SKILL.md is the primary file in a skill directory. It combines YAML frontmatter for metadata with a Markdown body for instructions that guide the model or agent during execution.
Frontmatter Fields
The YAML frontmatter defines the skill’s metadata:
---
name: invoice-extraction
description: Extract structured data from invoice documents
version: "1.0"
license: MIT
---
| Field | Type | Required | Description |
|---|
name | string | Yes | Skill identifier — used for lookup via skill_name |
description | string | Yes | Concise description of what the skill does |
skill_version | string | No | Skill version string |
license | string | No | License type (e.g., MIT, Apache-2.0) |
| Toolset | Description |
|---|
core | Basic operations (file I/O, text processing) |
document | Document extraction and layout understanding |
image | Image analysis and understanding |
image-gen | Image generation and editing |
video | Video analysis and understanding |
viz | Visualization and annotation |
web | Web search and retrieval |
world-gen | World generation and editing |
Markdown Body
The body after the frontmatter contains instructions that are injected into the model or agent prompt at execution time. Write clear, specific instructions for the extraction or analysis task.

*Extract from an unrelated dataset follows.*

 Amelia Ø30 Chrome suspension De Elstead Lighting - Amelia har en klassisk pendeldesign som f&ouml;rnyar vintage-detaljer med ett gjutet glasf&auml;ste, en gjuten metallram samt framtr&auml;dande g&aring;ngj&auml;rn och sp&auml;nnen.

Example: Image Analysis Skill
---
name: pillow
description: Image manipulation toolkit using Pillow (PIL)
license: MIT
toolsets:
- image
---
# Pillow Image Processing
## Description
A comprehensive image processing skill using the Pillow library.
## Capabilities
| Function | Description | Input | Output |
|----------|-------------|-------|--------|
| `resize` | Resize image | Image + dimensions | Resized image |
| `crop` | Crop region | Image + bounding box | Cropped image |
| `rotate` | Rotate image | Image + angle | Rotated image |
## Constraints
- Maximum input resolution: 4096x4096
- Supported formats: PNG, JPEG, WebP
Example: Video Analysis Skill
---
name: finger-kitting-labeling
description: Detect and label finger-kitting interactions in assembly videos
toolsets:
- core
- video
---
# Finger Kitting Labeling
## Objective
Analyze assembly videos to detect finger-kitting interactions where
an operator picks components from bins.
## Analysis Strategy
1. Watch the full video to understand the assembly workflow
2. Identify each kitting interaction by timestamp
3. Classify the interaction type
4. Record start and end times in MM:SS format
## Output Requirements
- Each interaction must include reasoning, description, and timestamps
- Use the exact category names defined in the schema
Write instructions as if you’re briefing an expert analyst. Be specific about what to look for, how to classify it, and what format to use for the output.